El 10 de diciembre de 1948 la comunidad internacional intentó decirse a sí misma que se había alcanzado un acuerdo acerca de lo inadmisible, de lo definitivamente reprochable, sin importar dónde sucediera. Y si bien se trató, en gran medida, de un pronunciamiento de victoriosos, abonó el suelo de posteriores conquistas que repercutieron positivamente en las condiciones de vida de las personas, sobre todo, de los grupos históricamente desaventajados.
A partir de entonces, se adoptaron una serie de instrumentos internacionales sobre derechos humanos y se conformaron los denominados “sistemas de protección”, es decir, junto con la normativa, fueron instaurados órganos y procedimientos específicos para habilitar la posibilidad de denunciar, más allá de las fronteras de los Estados, las violaciones de derechos humanos.

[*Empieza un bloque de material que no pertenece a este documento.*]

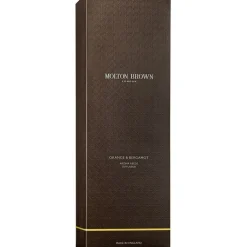 Orange & Bergamot Aroma Reeds Diffuser von Molton Brown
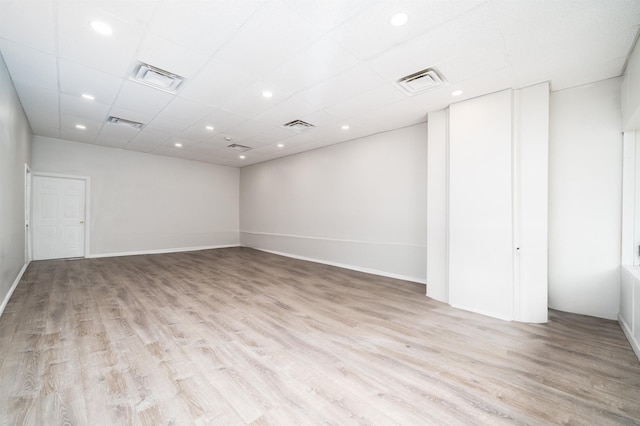 229 Old Bergen Rd, Jersey City, NJ 07305 - photo 27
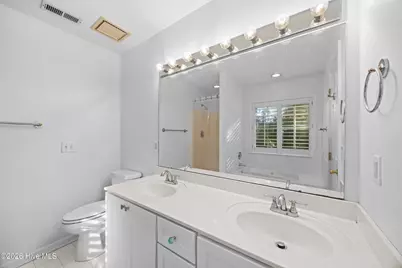 101 Mackenzie Drive, Wilmington, NC 28409 - Photo 43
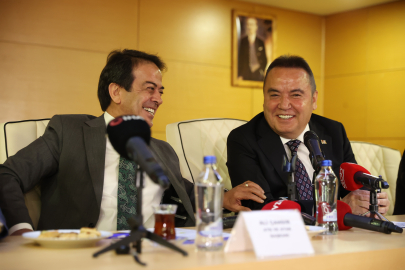 Hasyurt Tarım Fuarı 26’ncı kez kapılarını açıyor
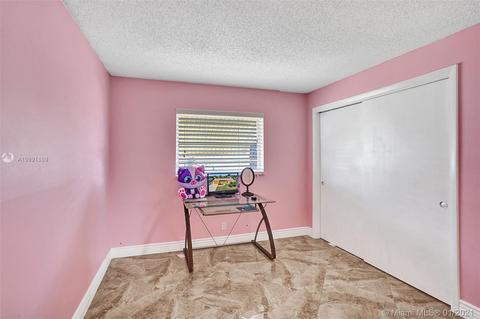 6957 NW 9th Ct, Margate, FL 33063 photo 39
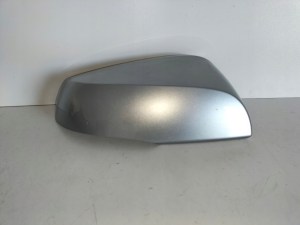 OBAL PRAVÉHO ZRKADLA TOYOTA RAV4 V 18- OBAL PRAVÉHO ZRKADLA TOYOTA RAV4 V 18-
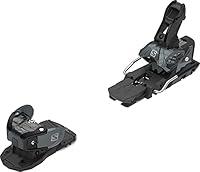 Algopix Similar Product 11 - Salomon Warden MNC 13 Ski Bindings Sz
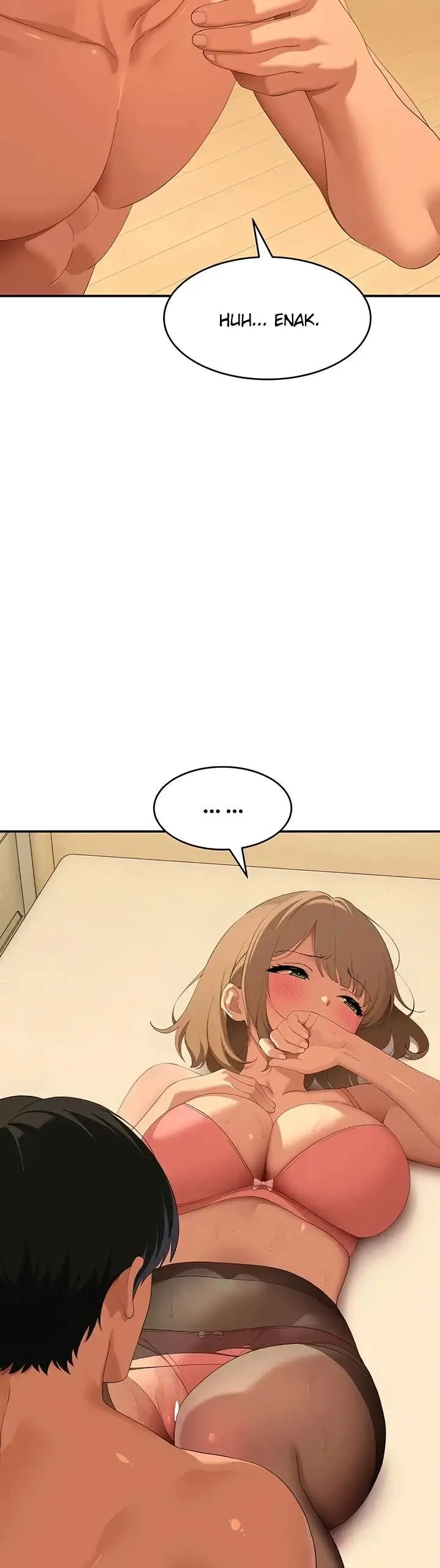image-komik-quiet-cat-manhwa-chapter-22-24/61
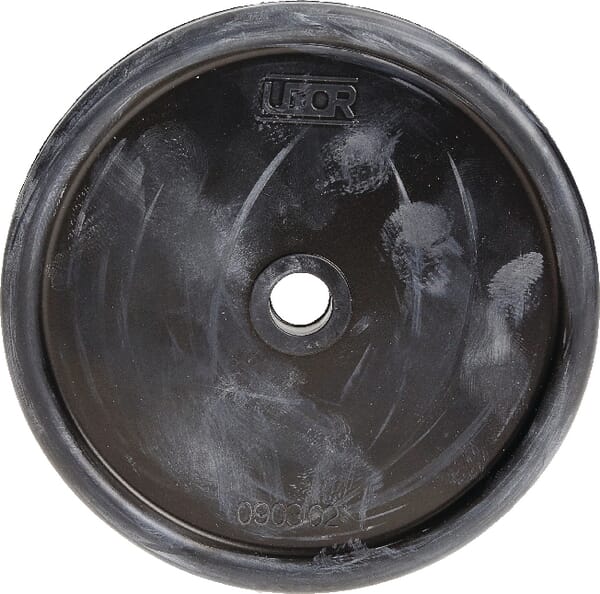 BPA000380843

Este recorrido fue auténticamente rupturista, pues colocó en cabeza de los Estados nuevas obligaciones jurídicas y, con ellas, la necesidad de rendir cuentas y, eventualmente, acatar las sentencias o recomendaciones que se emitan en su contra.
La República Argentina reconoce con el discurso de los derechos humanos una relación decididamente particular y movilizante. La última dictadura cívico-militar y los crímenes de lesa humanidad cometidos en ese contexto, dan cuenta de que en nuestro caso han sido los movimientos sociales quienes iniciaron la lucha por el trazado de límites al ejercicio del poder público. Desde luego que el andamiaje jurídico y la específica contribución del Derecho Internacional de los Derechos Humanos, conformaron un marco de abordaje que permitió, con la valentía de numerosos hombres y mujeres, investigar, juzgar y sancionar lo ocurrido durante aquel período atroz.
Con la recuperación democrática nuestro país se inscribió de lleno en el escenario de protección internacional de los derechos humanos, ratificando tratados y participando activamente en el diseño de los métodos para tornarlos empíricos. Tanto en el ámbito del Sistema Interamericano (OEA) como en el del Sistema Universal (ONU), la Argentina ha desempeñado históricamente un papel destacado, constituyendo un faro para muchos otros Estados.
Hoy, la gramática de los derechos humanos es, con frecuencia, destinataria de apreciaciones sesgadas, reduccionistas y equivocadas, ya que se promueve una identificación con un grupo limitado de derechos o, de igual modo, se intenta maliciosamente ubicarla como un campo accesorio, perteneciente al paso y prescindible en la función pública.
Asimismo, las voces que se inclinan por la desacreditación, pretenden hallar sustento en la premisa que afirma que el paradigma de los derechos humanos no ha logrado cumplir con sus expectativas. Bajo esa lógica se sostiene que persisten, tras setenta y tres años de la Declaración Universal, marcadas desigualdades, infinidad de episodios de discriminación, una parte importante de la población no tiene acceso a los bienes básicos para afrontar una vida digna y, de hecho, en algunas latitudes continúan sucediéndose episodios de tortura, detenciones arbitrarias y un largo etcétera.
Sin embargo, también son extensas y diversas las razones en las que se funda ese diagnóstico. Entre ellas, el escaso compromiso de ciertos Estados con el cumplimiento verídico de los estándares jurídicos internacionales y, por otro lado, los modos en que determinadas relaciones de poder –incluido el poder económico y financiero- obstaculizan permanentemente la concretización de aquel horizonte al que alguna vez se prestó conformidad.
A pesar de las deudas por saldar, los acuerdos que nos permiten vivir juntos se los debemos al lenguaje de los derechos humanos. La agenda actual en la materia es tan exigente como las necesidades que aparecen y resultan cristalizadas en la disputa, la protesta y las diversas estrategias que motorizan las organizaciones de la sociedad civil, los colectivos vulnerabilizados y las personas que, incluso individualmente, interpelan al poder.
En los últimos tiempos, los debates más hondos y convocantes de nuestras sociedades han sido debates sobre derechos humanos. Con matices, desacuerdos e interrogantes aún irresueltos, pero demostrativos de que no hay otro sendero que el de la deliberación pública para identificar y emprender las batallas hacia una vida mejor.
El trabajo por el que cada día ponemos el cuerpo, la esperanza de migrar hacia otro destino, la enseñanza y el aprendizaje, la cultura, la posibilidad de decir –y también de callar-, el medio con el que convivimos, los juegos a los que jugamos, las manifestaciones de amor –y los límites a las de odio-, los alimentos que comemos y el agua que tomamos, la posibilidad de saber qué hacen y cómo lo hacen quienes nos gobiernan y, simultáneamente, la opción de sostenerlos o de confiar en otra apuesta. Allí, y en tantos otros lugares, están los derechos humanos y también allí están las razones para seguir creyendo en ellos.